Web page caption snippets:
===============
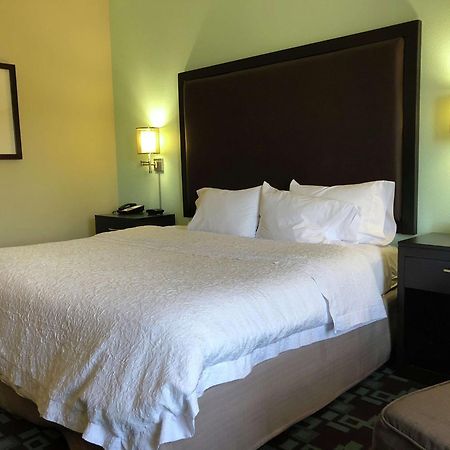 Hampton Inn & Suites Nashville At Opryland Esterno foto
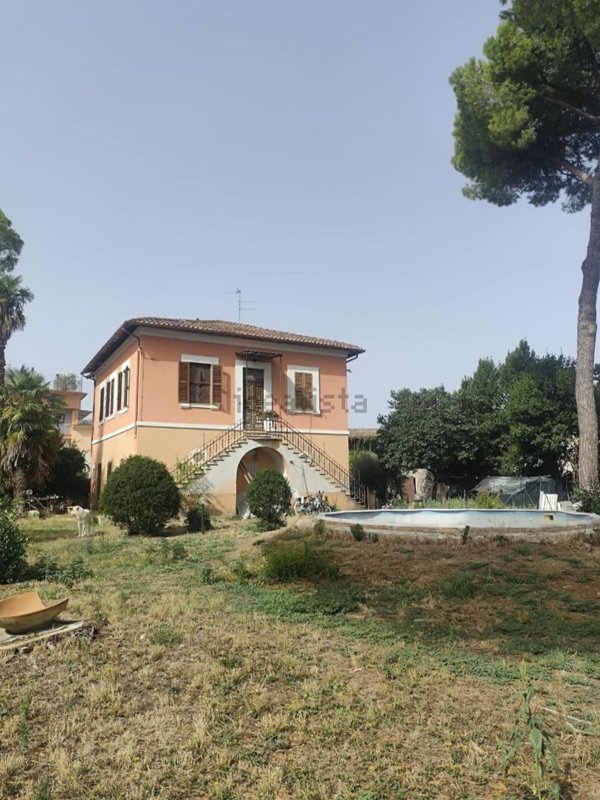 casa indipendente in vendita a Foligno in zona Paciana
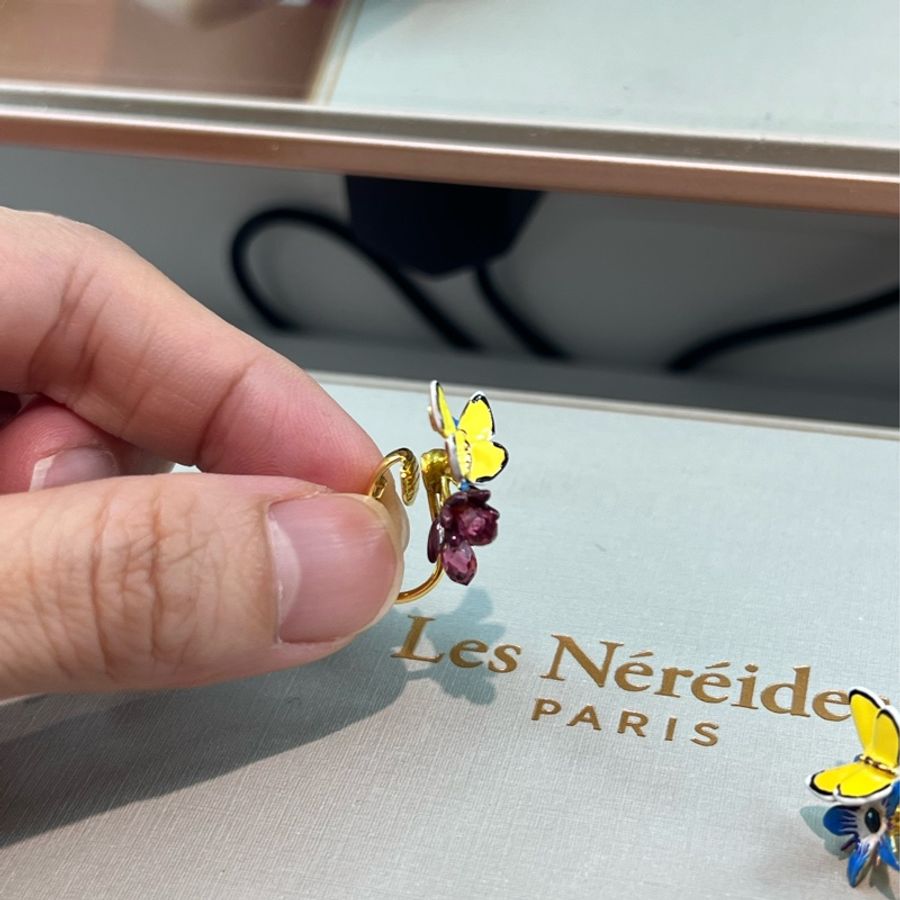 Les Nereides 晨光四季-琉璃苣與黃色紅點豆粉蝶耳環-6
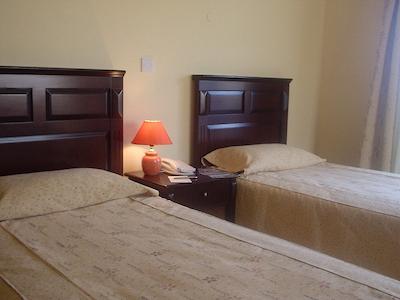 مانولیا هتل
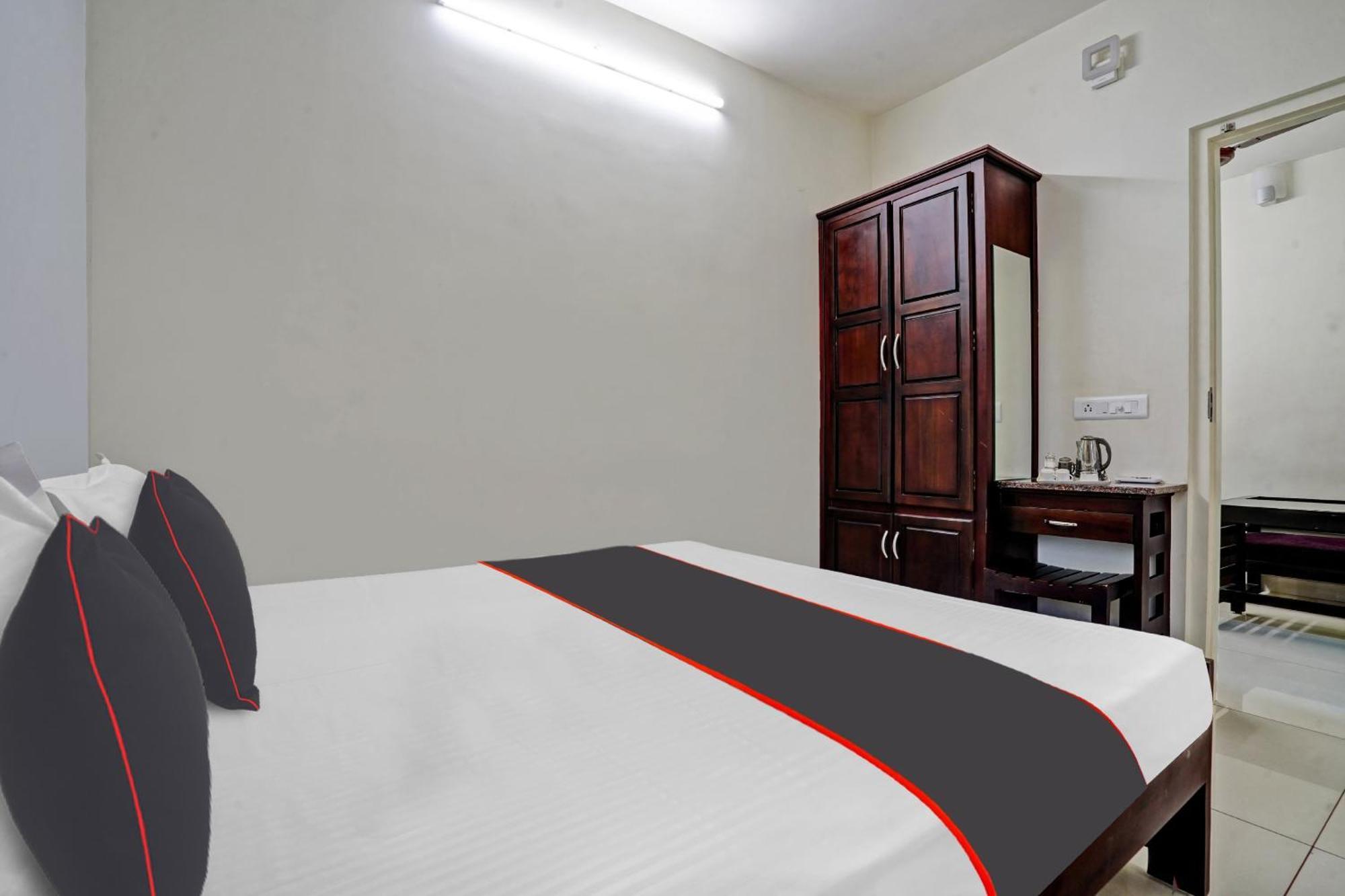 Hotel Collection O White House Pearl Kochi Esterno foto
===============
Every entry above should be returned exactly, with no images included.

**SOLUTION**.
 Hampton Inn & Suites Nashville At Opryland Esterno foto
 casa indipendente in vendita a Foligno in zona Paciana
 Les Nereides 晨光四季-琉璃苣與黃色紅點豆粉蝶耳環-6
 مانولیا هتل
 Hotel Collection O White House Pearl Kochi Esterno foto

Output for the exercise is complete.